_Directions_
Only the lines from the one with "A two-story white" to the end of the data, both ends included, should be output, exactly as they stand and without pictures.

Start of Block

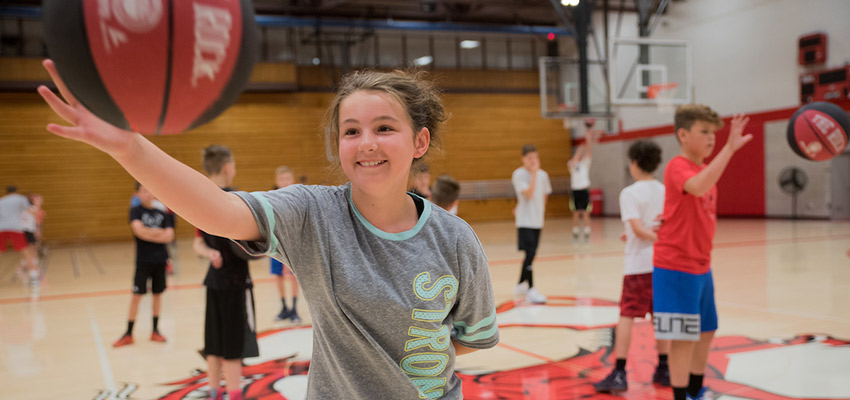 Girl catching a basketball while practicing in the gym at a summer sports camp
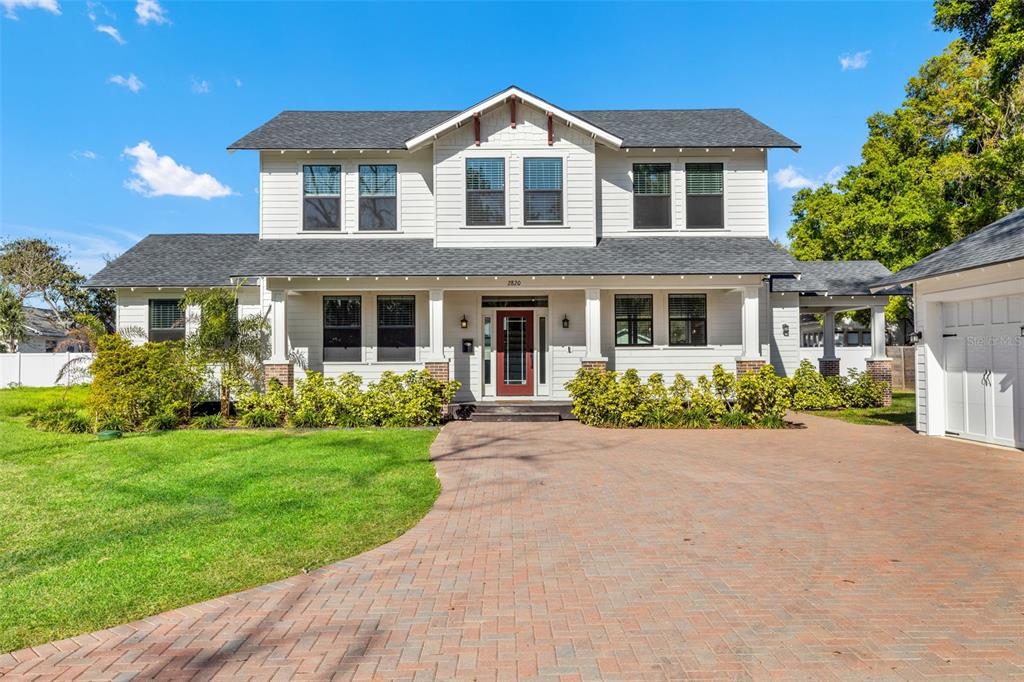 A two-story white house with a red front door and a brick driveway — 2820 N CENTRAL COURT, TAMPA, FL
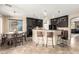 A modern kitchen featuring dark cabinets, stainless appliances, and a breakfast bar at 44041 W Bailey Dr, Maricopa, AZ 85138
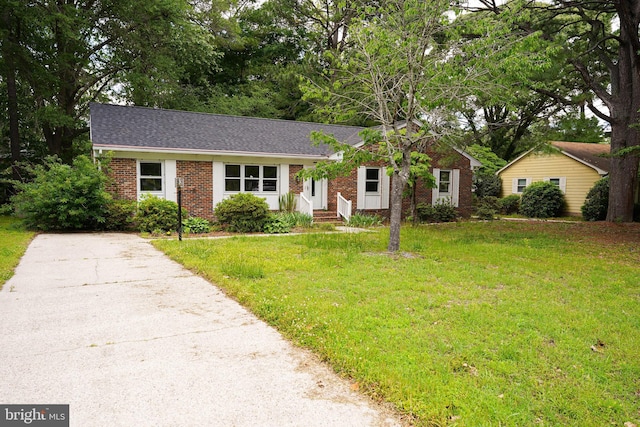 1206 Orchard Cir, Salisbury, MD 21801 - single story home featuring brick siding, a front yard, and entry steps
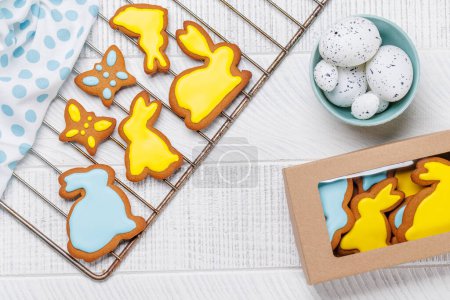 Photo for Easter sweetness: Adorable gingerbread cookies in festive shapes. Flat lay - Royalty Free Image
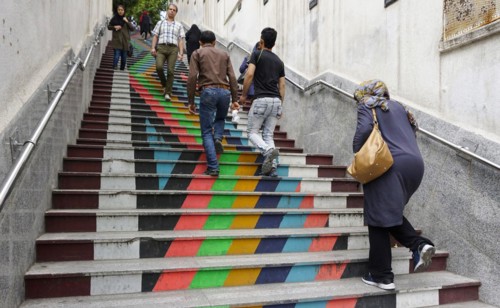 People walk down a painted staircase. The city of Tehran is changing the image of the city through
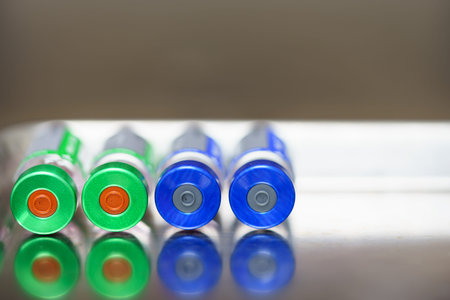 Four vaccine bottles lie on the stainless steel tray. By focusing on the bottle caps that are rubber...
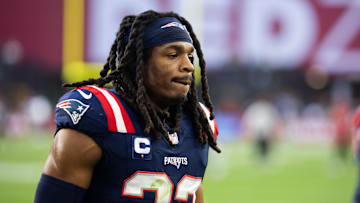 Dec 15, 2024; Glendale, Arizona, USA; New England Patriots safety Kyle Dugger (23) against the Arizona Cardinals at State Farm Stadium. Mandatory Credit: Mark J. Rebilas-Imagn Images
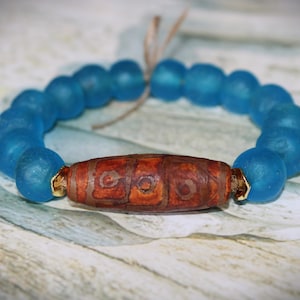 May include: A handmade bracelet featuring large, round, light blue beads. The focal bead is a brown, patterned barrel bead with gold-colored end caps. The bracelet is strung on a natural-colored cord.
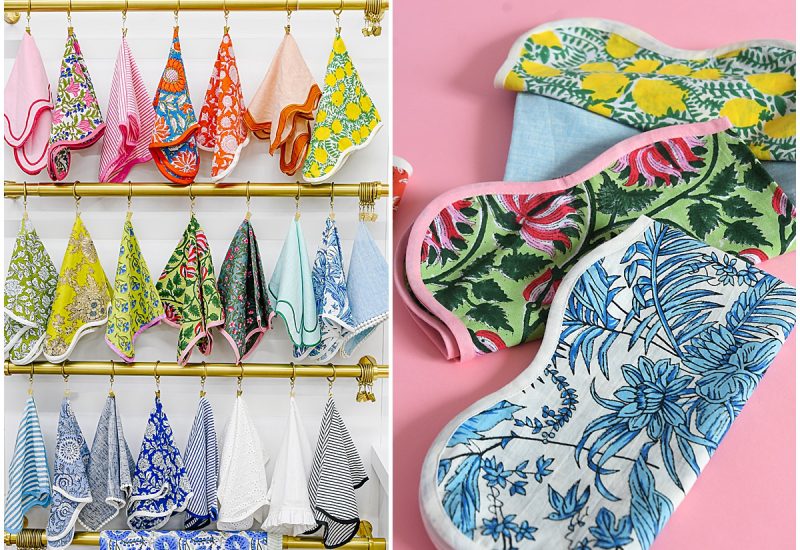 Assorted printed linens in bold floral and striped patterns, styled on brass racks and pink backdrops to highlight the OG linen collection from Something Vintage Rentals, the U.S. East Coast’s best event rental and wedding decor company.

End of Block

_Response below_
 A two-story white house with a red front door and a brick driveway — 2820 N CENTRAL COURT, TAMPA, FL
 A modern kitchen featuring dark cabinets, stainless appliances, and a breakfast bar at 44041 W Bailey Dr, Maricopa, AZ 85138
 1206 Orchard Cir, Salisbury, MD 21801 - single story home featuring brick siding, a front yard, and entry steps
 Photo for Easter sweetness: Adorable gingerbread cookies in festive shapes. Flat lay - Royalty Free Image
 People walk down a painted staircase. The city of Tehran is changing the image of the city through
 Four vaccine bottles lie on the stainless steel tray. By focusing on the bottle caps that are rubber...
 Dec 15, 2024; Glendale, Arizona, USA; New England Patriots safety Kyle Dugger (23) against the Arizona Cardinals at State Farm Stadium. Mandatory Credit: Mark J. Rebilas-Imagn Images
 May include: A handmade bracelet featuring large, round, light blue beads. The focal bead is a brown, patterned barrel bead with gold-colored end caps. The bracelet is strung on a natural-colored cord.
 Assorted printed linens in bold floral and striped patterns, styled on brass racks and pink backdrops to highlight the OG linen collection from Something Vintage Rentals, the U.S. East Coast’s best event rental and wedding decor company.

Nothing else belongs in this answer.